“Who do you say that I am?”
If Jesus asked you today: “Who do you say I am? What would your personal response be?
Perhaps you would reply that he is a great teacher, a great prophet. Jesus asked his disciples the same question: “Who do they say I am, the Son of man? (Matthew 16:13). The disciples replied, “Some say you are John the Baptist, others Elias, others Jeremiah, or one of the prophets “(Matthew 16:14).
Today, as yesterday, there are those who see Jesus as a mere teacher or a prophet. Again Jesus asked his disciples, “And you, who do you say that I am? (Matthew 16:15). To this the Apostle Peter replied, “You are the Christ, the Son of the living God” (Matthew 16:16). It is as if Peter said, “It is true that people say you are a prophet, but for me you are much more than a prophet. You are the Son of God!” The answer of Jesus to Peter is of the utmost importance: “You are happy, Simon, son of Jonah; For it is not flesh and the blood that has revealed it to you, but it is my Father which is in heaven “(Matthew 16:17).

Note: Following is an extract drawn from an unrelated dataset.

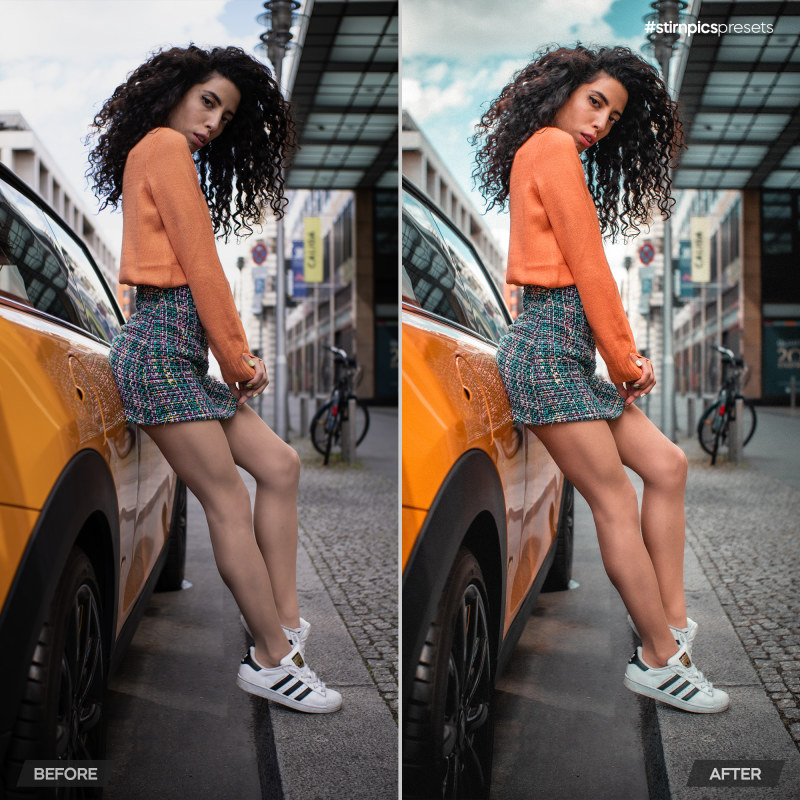 Color-The-World_Before-After_2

Was Jesus a prophet? Certainly! Was he merely or only a prophet? No! Peter here confesses that he is convinced that Jesus is more than a prophet. The Bible teems with evidence that Jesus is both Man and God. Throughout his life, he proved this by infinite attributes and His display of characteristics which are exclusively God’s. He alone reveals to us the true nature of God. He spoke and acted as only God can. He took to Himself the divine name. He can forgive sins and transform lives. He is One with God in perfect unity. He can do anything and everything, He knows all things, He is just and right. He is the only one to have lived without sin. The Koran bears witness to His sinless nature (Sura of Mary 19). Remember the many miracles he performed: he raised from the dead, healed the paralysed, the blind, the dumb, and cleansed the lepers. He cast out demons, stilled the storm, fed thousands of people with five loaves and two fishes. In the end, while his disciples were looking at him, he was taken up into heaven from among them. He never reproached those who worshipped him, accepting their worship as something quite normal! Is this not undeniable proof of his divinity?
The late C. Lewis, world-renowned professor at the British universities of Oxford and Cambridge, was an agnostic and denied the divinity of Christ for several years. But after examining all the irrefutable proofs of the divinity of Christ with intellectual honesty, he submitted to Jesus as his God and Saviour.
We owe to him this very astute observation:
“I am trying here to prevent anyone saying the really foolish thing that people often say about Him: I’m ready to accept Jesus as a great moral teacher, but I don’t accept his claim to be God. That is the one thing we must not say. A man who was merely a man and said the sort of things Jesus said would not be a great moral teacher. He would either be a lunatic — on the level with the man who says he is a poached egg — or else he would be the Devil of Hell. You must make your choice. Either this man was, and is, the Son of God, or else a madman or something worse. You can shut him up for a fool, you can spit at him and kill him as a demon or you can fall at his feet and call him Lord and God, but let us not come with any patronising nonsense about his being a great human teacher. He has not left that open to us. He did not intend to.”